• _Required action_: Set down word for word the lines that begin the entries and run through the line containing "The Kir Royale". Give nothing further.

• _Exercise materials_:
▬▬▬▬▬▬
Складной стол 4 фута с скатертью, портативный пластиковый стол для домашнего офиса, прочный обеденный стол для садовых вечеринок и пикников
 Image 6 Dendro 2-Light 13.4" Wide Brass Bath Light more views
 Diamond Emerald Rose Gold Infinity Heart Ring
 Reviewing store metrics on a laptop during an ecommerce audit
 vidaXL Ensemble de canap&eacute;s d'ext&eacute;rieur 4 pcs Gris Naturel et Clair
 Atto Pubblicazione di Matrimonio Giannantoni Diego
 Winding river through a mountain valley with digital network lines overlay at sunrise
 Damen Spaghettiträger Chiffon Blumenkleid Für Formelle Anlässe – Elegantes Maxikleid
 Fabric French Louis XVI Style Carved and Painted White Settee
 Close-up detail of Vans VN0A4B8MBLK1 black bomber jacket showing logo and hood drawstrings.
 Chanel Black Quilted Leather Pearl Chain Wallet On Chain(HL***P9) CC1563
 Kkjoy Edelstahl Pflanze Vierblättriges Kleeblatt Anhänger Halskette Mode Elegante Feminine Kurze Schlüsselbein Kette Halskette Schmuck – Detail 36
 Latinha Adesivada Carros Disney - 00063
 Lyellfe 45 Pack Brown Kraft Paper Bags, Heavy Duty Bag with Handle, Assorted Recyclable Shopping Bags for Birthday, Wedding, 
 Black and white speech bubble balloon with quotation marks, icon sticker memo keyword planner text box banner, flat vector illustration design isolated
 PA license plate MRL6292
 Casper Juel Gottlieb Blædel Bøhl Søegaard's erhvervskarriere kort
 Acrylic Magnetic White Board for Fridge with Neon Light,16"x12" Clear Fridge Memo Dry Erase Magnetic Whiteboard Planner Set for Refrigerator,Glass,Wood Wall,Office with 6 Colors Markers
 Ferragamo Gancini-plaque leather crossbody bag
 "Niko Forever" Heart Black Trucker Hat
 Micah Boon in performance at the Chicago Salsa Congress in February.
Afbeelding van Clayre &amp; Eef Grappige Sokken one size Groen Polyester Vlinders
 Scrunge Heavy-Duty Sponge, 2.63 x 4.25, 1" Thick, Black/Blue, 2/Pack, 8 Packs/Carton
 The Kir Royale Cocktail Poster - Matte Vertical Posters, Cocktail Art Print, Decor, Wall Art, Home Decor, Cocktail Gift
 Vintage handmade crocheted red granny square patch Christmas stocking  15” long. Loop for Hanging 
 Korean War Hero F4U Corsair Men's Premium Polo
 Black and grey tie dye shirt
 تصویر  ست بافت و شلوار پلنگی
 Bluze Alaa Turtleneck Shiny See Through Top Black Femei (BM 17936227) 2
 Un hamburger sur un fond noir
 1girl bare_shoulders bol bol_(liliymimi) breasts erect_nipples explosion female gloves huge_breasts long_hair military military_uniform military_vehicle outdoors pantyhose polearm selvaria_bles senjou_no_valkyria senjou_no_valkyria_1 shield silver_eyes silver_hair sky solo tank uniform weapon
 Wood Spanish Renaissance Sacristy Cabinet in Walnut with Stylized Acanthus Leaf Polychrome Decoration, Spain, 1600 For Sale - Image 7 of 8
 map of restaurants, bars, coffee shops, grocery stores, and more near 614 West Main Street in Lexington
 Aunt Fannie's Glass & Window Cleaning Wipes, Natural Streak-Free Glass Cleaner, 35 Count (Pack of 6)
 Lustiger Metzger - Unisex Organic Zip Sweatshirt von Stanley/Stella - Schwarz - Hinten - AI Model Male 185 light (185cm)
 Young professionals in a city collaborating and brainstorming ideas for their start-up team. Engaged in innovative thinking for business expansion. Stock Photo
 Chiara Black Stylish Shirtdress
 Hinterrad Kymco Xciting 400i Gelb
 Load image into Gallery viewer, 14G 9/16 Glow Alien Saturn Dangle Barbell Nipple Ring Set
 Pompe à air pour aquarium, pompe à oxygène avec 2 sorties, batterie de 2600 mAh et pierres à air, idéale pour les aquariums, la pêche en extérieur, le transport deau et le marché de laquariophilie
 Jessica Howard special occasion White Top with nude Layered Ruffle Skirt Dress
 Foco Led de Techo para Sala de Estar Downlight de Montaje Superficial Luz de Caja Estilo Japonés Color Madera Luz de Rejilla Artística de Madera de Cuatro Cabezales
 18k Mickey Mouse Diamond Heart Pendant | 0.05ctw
▬▬▬▬▬▬
• _Solution for this exercise_:
Складной стол 4 фута с скатертью, портативный пластиковый стол для домашнего офиса, прочный обеденный стол для садовых вечеринок и пикников
 Image 6 Dendro 2-Light 13.4" Wide Brass Bath Light more views
 Diamond Emerald Rose Gold Infinity Heart Ring
 Reviewing store metrics on a laptop during an ecommerce audit
 vidaXL Ensemble de canap&eacute;s d'ext&eacute;rieur 4 pcs Gris Naturel et Clair
 Atto Pubblicazione di Matrimonio Giannantoni Diego
 Winding river through a mountain valley with digital network lines overlay at sunrise
 Damen Spaghettiträger Chiffon Blumenkleid Für Formelle Anlässe – Elegantes Maxikleid
 Fabric French Louis XVI Style Carved and Painted White Settee
 Close-up detail of Vans VN0A4B8MBLK1 black bomber jacket showing logo and hood drawstrings.
 Chanel Black Quilted Leather Pearl Chain Wallet On Chain(HL***P9) CC1563
 Kkjoy Edelstahl Pflanze Vierblättriges Kleeblatt Anhänger Halskette Mode Elegante Feminine Kurze Schlüsselbein Kette Halskette Schmuck – Detail 36
 Latinha Adesivada Carros Disney - 00063
 Lyellfe 45 Pack Brown Kraft Paper Bags, Heavy Duty Bag with Handle, Assorted Recyclable Shopping Bags for Birthday, Wedding, 
 Black and white speech bubble balloon with quotation marks, icon sticker memo keyword planner text box banner, flat vector illustration design isolated
 PA license plate MRL6292
 Casper Juel Gottlieb Blædel Bøhl Søegaard's erhvervskarriere kort
 Acrylic Magnetic White Board for Fridge with Neon Light,16"x12" Clear Fridge Memo Dry Erase Magnetic Whiteboard Planner Set for Refrigerator,Glass,Wood Wall,Office with 6 Colors Markers
 Ferragamo Gancini-plaque leather crossbody bag
 "Niko Forever" Heart Black Trucker Hat
 Micah Boon in performance at the Chicago Salsa Congress in February.
Afbeelding van Clayre &amp; Eef Grappige Sokken one size Groen Polyester Vlinders
 Scrunge Heavy-Duty Sponge, 2.63 x 4.25, 1" Thick, Black/Blue, 2/Pack, 8 Packs/Carton
 The Kir Royale Cocktail Poster - Matte Vertical Posters, Cocktail Art Print, Decor, Wall Art, Home Decor, Cocktail Gift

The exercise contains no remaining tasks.